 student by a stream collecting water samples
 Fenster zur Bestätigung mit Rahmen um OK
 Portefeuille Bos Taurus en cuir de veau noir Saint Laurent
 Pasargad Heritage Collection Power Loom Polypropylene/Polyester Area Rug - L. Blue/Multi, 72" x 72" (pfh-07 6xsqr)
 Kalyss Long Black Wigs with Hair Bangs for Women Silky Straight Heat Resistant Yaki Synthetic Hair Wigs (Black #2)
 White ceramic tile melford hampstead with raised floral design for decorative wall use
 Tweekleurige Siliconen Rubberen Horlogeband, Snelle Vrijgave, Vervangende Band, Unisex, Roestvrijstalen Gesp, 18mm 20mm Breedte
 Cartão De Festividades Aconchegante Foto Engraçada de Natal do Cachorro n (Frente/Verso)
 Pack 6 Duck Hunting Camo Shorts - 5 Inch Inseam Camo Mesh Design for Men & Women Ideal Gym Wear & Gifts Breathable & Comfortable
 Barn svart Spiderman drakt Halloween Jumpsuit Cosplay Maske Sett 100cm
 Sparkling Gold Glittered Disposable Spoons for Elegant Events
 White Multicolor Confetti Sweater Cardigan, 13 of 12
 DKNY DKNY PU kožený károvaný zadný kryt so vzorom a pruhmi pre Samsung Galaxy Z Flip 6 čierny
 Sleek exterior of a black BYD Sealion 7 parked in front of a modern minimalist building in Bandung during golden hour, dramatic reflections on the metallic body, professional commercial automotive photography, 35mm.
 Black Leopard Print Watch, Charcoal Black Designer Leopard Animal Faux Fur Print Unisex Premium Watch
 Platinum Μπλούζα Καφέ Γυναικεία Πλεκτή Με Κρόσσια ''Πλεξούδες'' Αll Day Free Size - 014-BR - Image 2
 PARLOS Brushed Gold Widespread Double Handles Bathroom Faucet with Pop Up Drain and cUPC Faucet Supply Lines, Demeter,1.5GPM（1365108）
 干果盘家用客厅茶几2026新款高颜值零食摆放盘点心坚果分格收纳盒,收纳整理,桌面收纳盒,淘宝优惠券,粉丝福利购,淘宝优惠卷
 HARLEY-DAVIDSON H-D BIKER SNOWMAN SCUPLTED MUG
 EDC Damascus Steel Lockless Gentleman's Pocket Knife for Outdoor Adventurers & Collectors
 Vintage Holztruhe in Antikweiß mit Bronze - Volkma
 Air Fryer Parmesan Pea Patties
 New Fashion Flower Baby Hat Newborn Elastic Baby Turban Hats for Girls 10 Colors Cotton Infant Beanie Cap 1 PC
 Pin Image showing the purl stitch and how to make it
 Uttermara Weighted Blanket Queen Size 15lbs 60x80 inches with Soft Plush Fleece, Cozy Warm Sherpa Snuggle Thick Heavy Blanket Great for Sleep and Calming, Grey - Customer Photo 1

────────────────

Directions for this task: From the records above, transcribe exactly the run of lines that opens with the line holding "White Multicolor Confetti" and closes with the line holding "Pin Image showing", both included.

Answer to the problem:
 White Multicolor Confetti Sweater Cardigan, 13 of 12
 DKNY DKNY PU kožený károvaný zadný kryt so vzorom a pruhmi pre Samsung Galaxy Z Flip 6 čierny
 Sleek exterior of a black BYD Sealion 7 parked in front of a modern minimalist building in Bandung during golden hour, dramatic reflections on the metallic body, professional commercial automotive photography, 35mm.
 Black Leopard Print Watch, Charcoal Black Designer Leopard Animal Faux Fur Print Unisex Premium Watch
 Platinum Μπλούζα Καφέ Γυναικεία Πλεκτή Με Κρόσσια ''Πλεξούδες'' Αll Day Free Size - 014-BR - Image 2
 PARLOS Brushed Gold Widespread Double Handles Bathroom Faucet with Pop Up Drain and cUPC Faucet Supply Lines, Demeter,1.5GPM（1365108）
 干果盘家用客厅茶几2026新款高颜值零食摆放盘点心坚果分格收纳盒,收纳整理,桌面收纳盒,淘宝优惠券,粉丝福利购,淘宝优惠卷
 HARLEY-DAVIDSON H-D BIKER SNOWMAN SCUPLTED MUG
 EDC Damascus Steel Lockless Gentleman's Pocket Knife for Outdoor Adventurers & Collectors
 Vintage Holztruhe in Antikweiß mit Bronze - Volkma
 Air Fryer Parmesan Pea Patties
 New Fashion Flower Baby Hat Newborn Elastic Baby Turban Hats for Girls 10 Colors Cotton Infant Beanie Cap 1 PC
 Pin Image showing the purl stitch and how to make it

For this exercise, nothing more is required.